Selon lui, cet "enregistrement clandestin" a été "manipulé". Il a demandé à la Cour suprême de "suspendre l'enquête jusqu'à ce que son authenticité soit avérée", citant un article du journal Folha de Sao Paulo où un expert remarquait "plus de 50 coupures" dans l'enregistrement audio. Le procureur général Rodrigo Janot dit ne pas s'opposer à cette expertise mais demande à la Cour suprême que l'enquête puisse se poursuivre. La Cour suprême a indiqué qu'elle étudierait cette requête mercredi 24 mai.

Intenses négociations

Vendredi 19 mai, la Cour suprême avait rendu public l'ensemble du contenu des confessions de M. Batista et d'autres cadres de JBS. L'une d'elles évoque le versement de 15 millions de réais (4,6 millions de dollars au taux actuel) en 2014, "en échange de faveurs" pour l'entreprise. Des vidéos montrant le député Rocha Loures du PMDB, le parti de M. Temer, recevant des valises de billets, tournent en boucle à la télévision. Ce parlementaire est soupçonné d'être un intermédiaire avec JBS pour acheter le silence de M. Cunha.

Le président brésilien Michel Temer lors d'une conférence de presse, le 18 mai. Photo : AFP/VNA/CVN

Si M. Temer a décidé de hausser le ton pour tenter de retrouver sa crédibilité, sa situation reste extrêmement fragile alors que d'intenses négociations sont en train d'êtres menées pour éviter une défection en masse de ses alliés politiques. Il a connu un premier coup dur samedi 20 mai avec la défection du PSB, qui pèse 35 députés sur 513 à la chambre et compte un ministre au gouvernement, celui de l'Énergie.

Les dénonciations de JBS mettent aussi en cause d'autres politiques de premier plan, dont l'ancien président de gauche Luis Inacio Lula da Silva (2003-2010) et sa dauphine Dilma Rousseff (2010-2016), dont M. Temer était le vice-président. Ils auraient reçu en neuf ans 150 millions de dollars, sur des comptes à l'étranger, pour financer leurs campagnes électorales respectives.

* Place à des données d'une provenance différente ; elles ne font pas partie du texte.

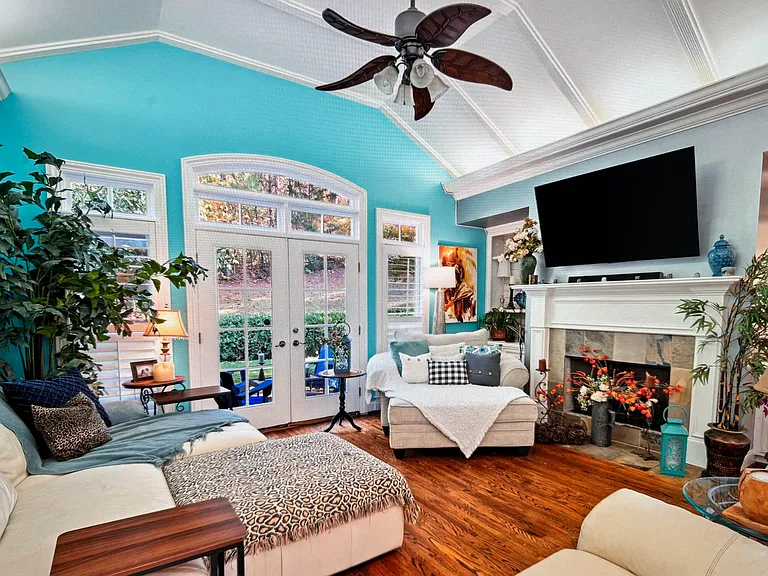 1500 Woodridge Pl — Photo 17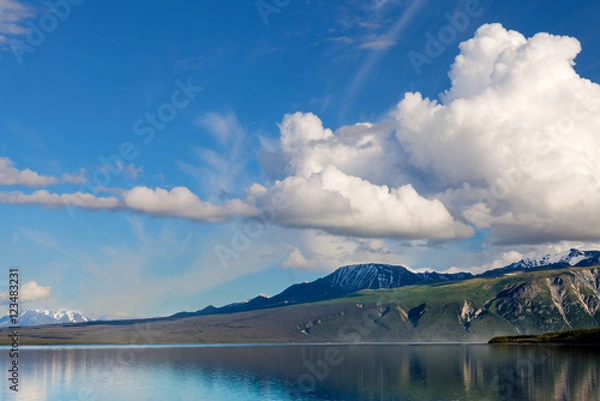 Fototapeta Kluane Lake-Yukon Territory- Canada  This magnificent and expansive lake has a beautiful shoreline and numerous vistas.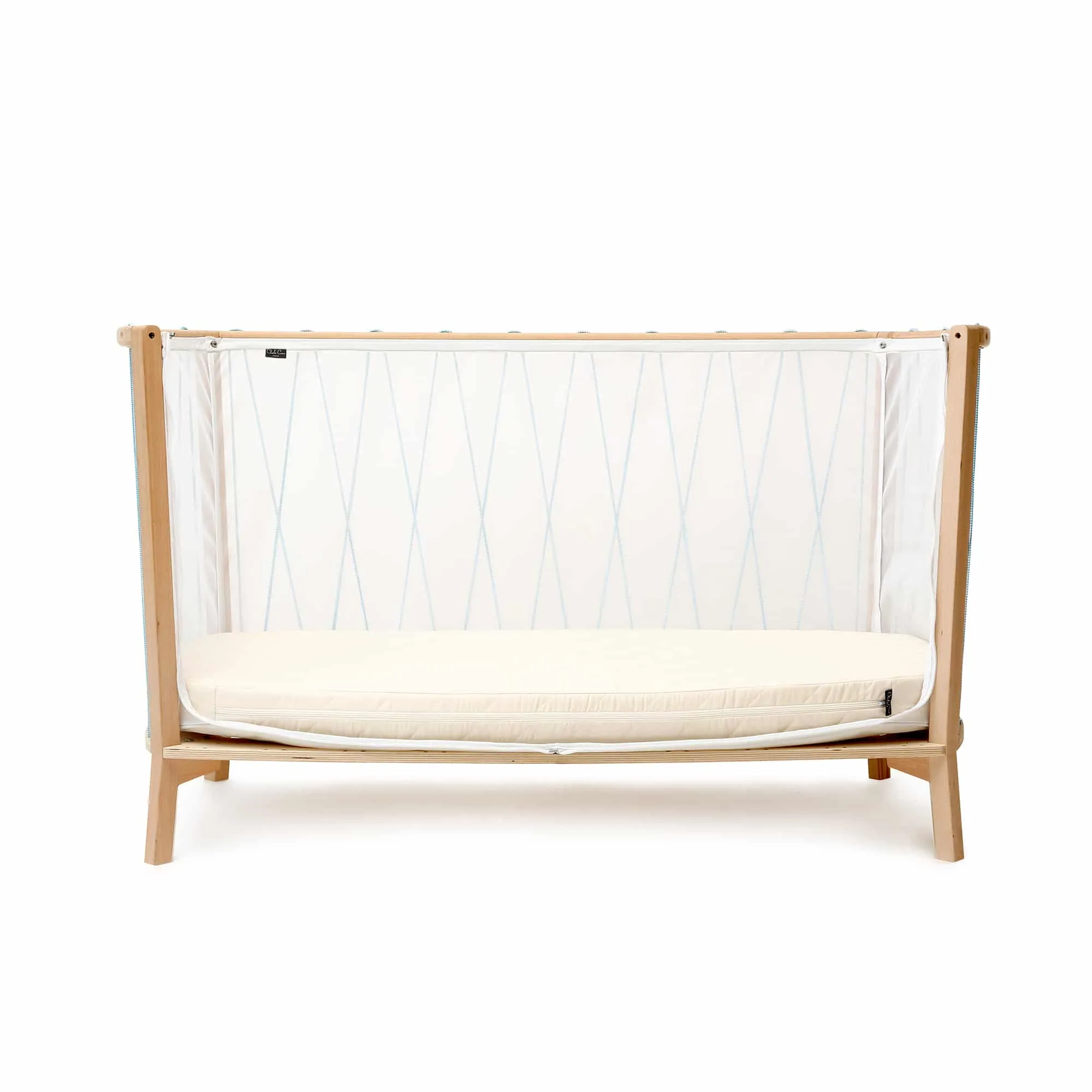 Charlie Crane Kimi Baby Bed & Mattress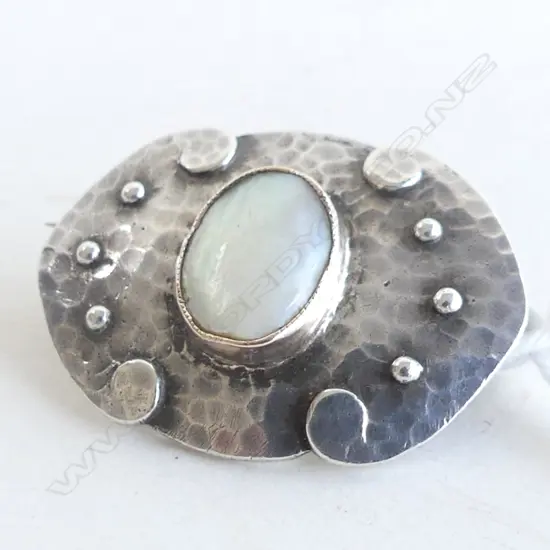 SILVER ARTS & CRAFTS BROOCH mother of pearl cabochon 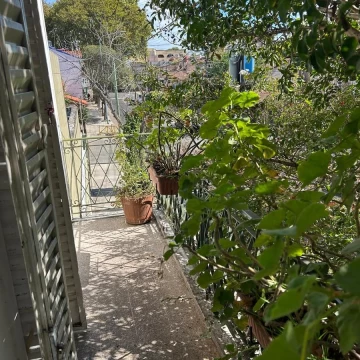 Casa en venta  en Olivos con amplia terraza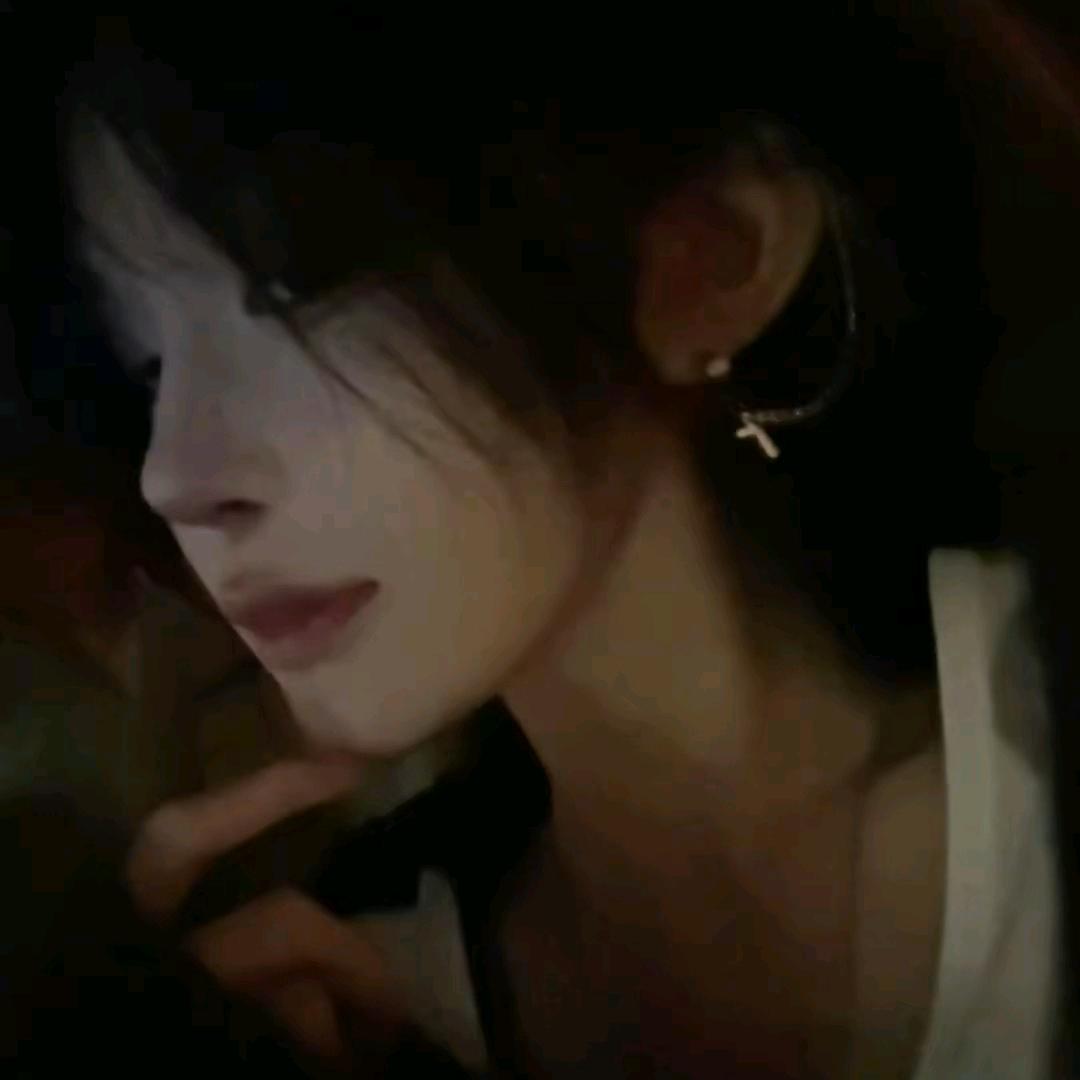 口袋只剩玫瑰一片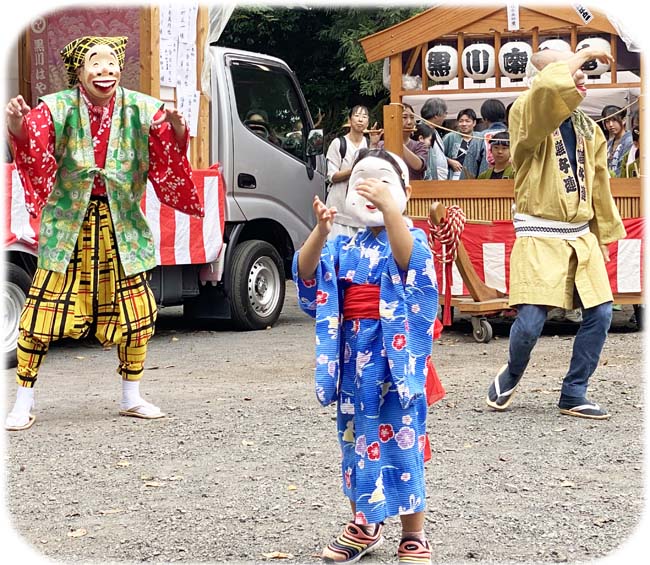 小学生低学年のお囃子踊り子600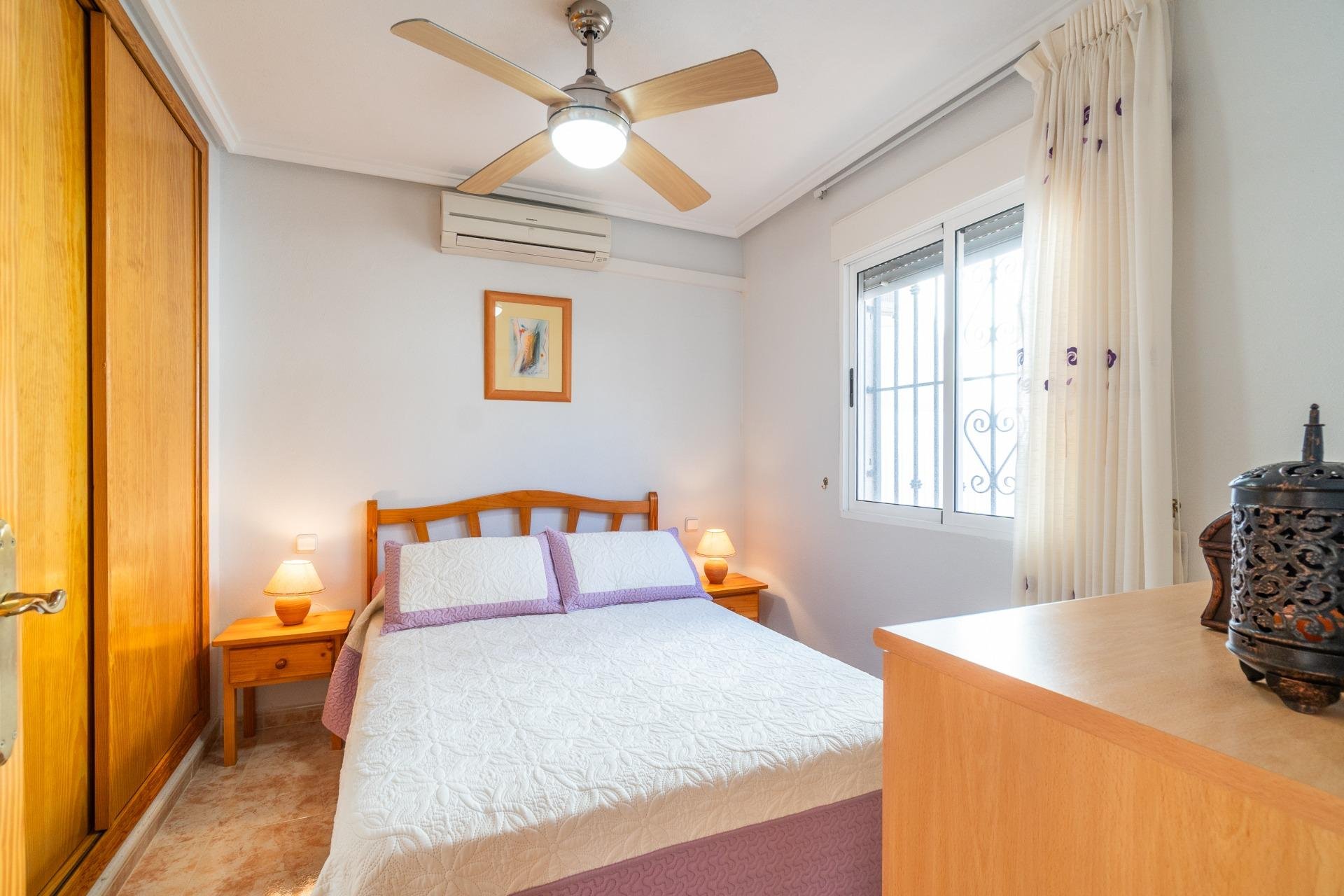 Rynek wtórny - Willa -
Orihuela Costa - Playa Flamenca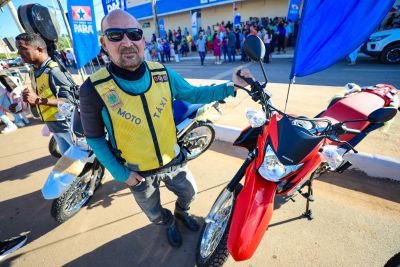 galeria: Agenda Governador Parauapebas - EEEM Faruk Salmen, CredCidadão, Mototaxista Paid’égua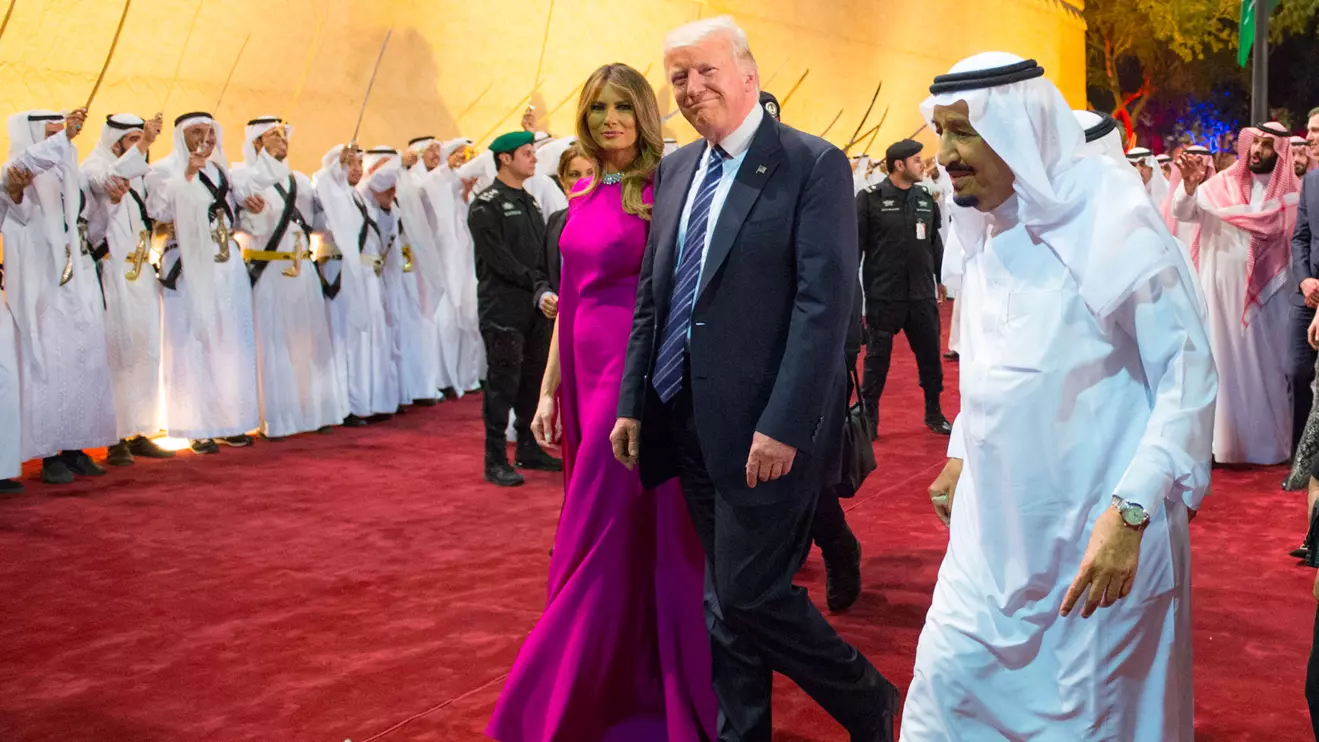 U.S. President Donald Trump and first lady Melania Trump are welcomed by Saudi Arabia's King Salman bin Abdulaziz Al Saud at Al Murabba Palace in Riyadh, Saudi Arabia May 20, 2017. Picture taken May 20, 2017. Bandar Algaloud/Courtesy of Saudi Royal Court
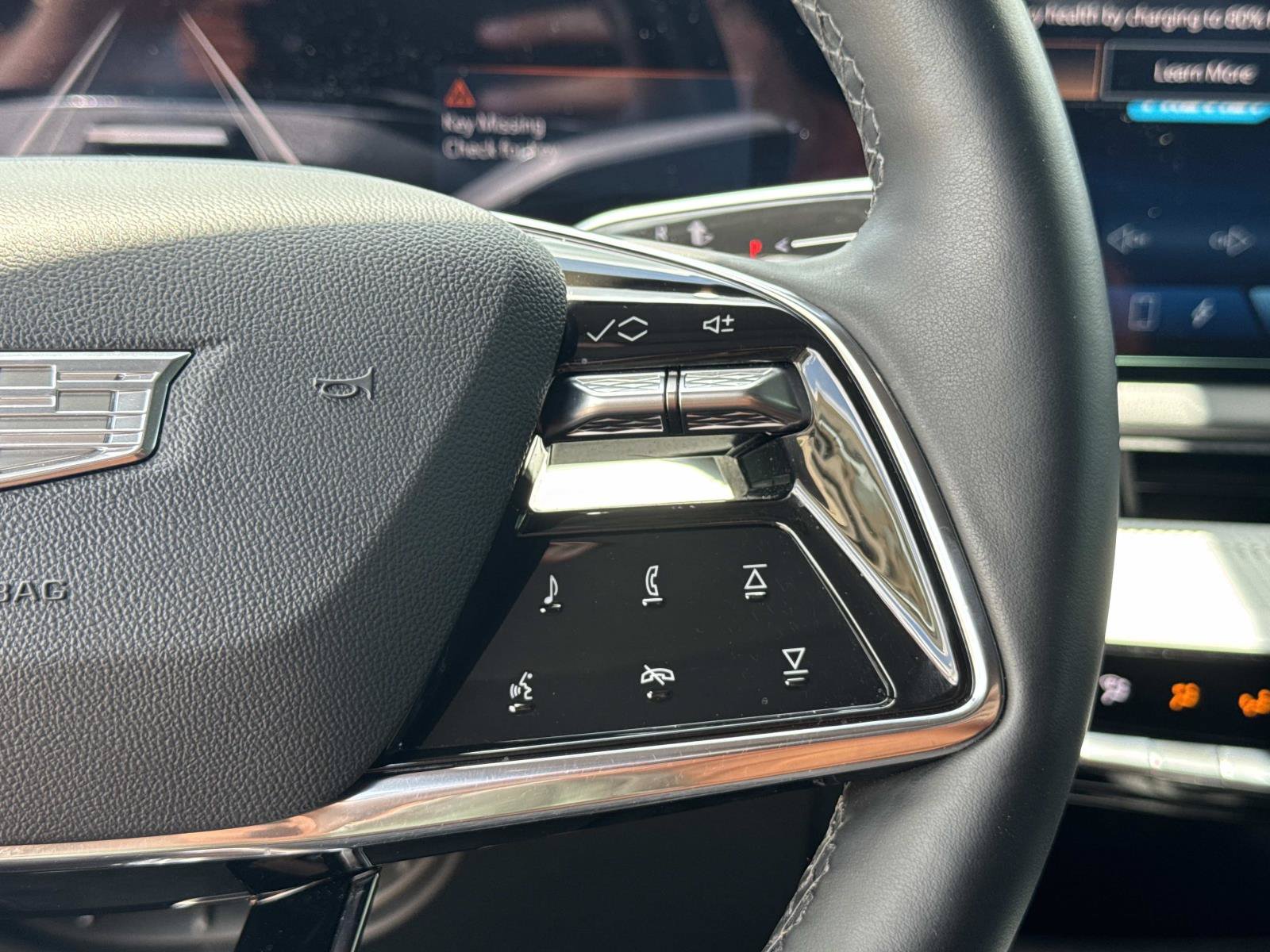 Certified 2025 Cadillac Optiq Sport 2 AWD/4WD image 18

Mme Rousseff accuse M. Temer d'avoir fomenté un "coup d'État" en s'associant justement à Eduardo Cunha pour prendre le pouvoir. Lula, visé lui-même par cinq procédures judiciaires dans le cadre de l'opération "Lavage express", a demandé samedi 19 mai la démission immédiate du président actuel et l'organisation de nouvelles élections directes. L'icône de la gauche est en tête des intentions de vote des derniers sondages, même s'il fait face lui aussi à un fort rejet.

En vertu de la Constitution, si M. Temer quittait le pouvoir, il serait remplacé dans un premier temps par Rodrigo Maia, également sous le coup d'accusations de corruption, puis le Parlement élirait son successeur sous trente jours.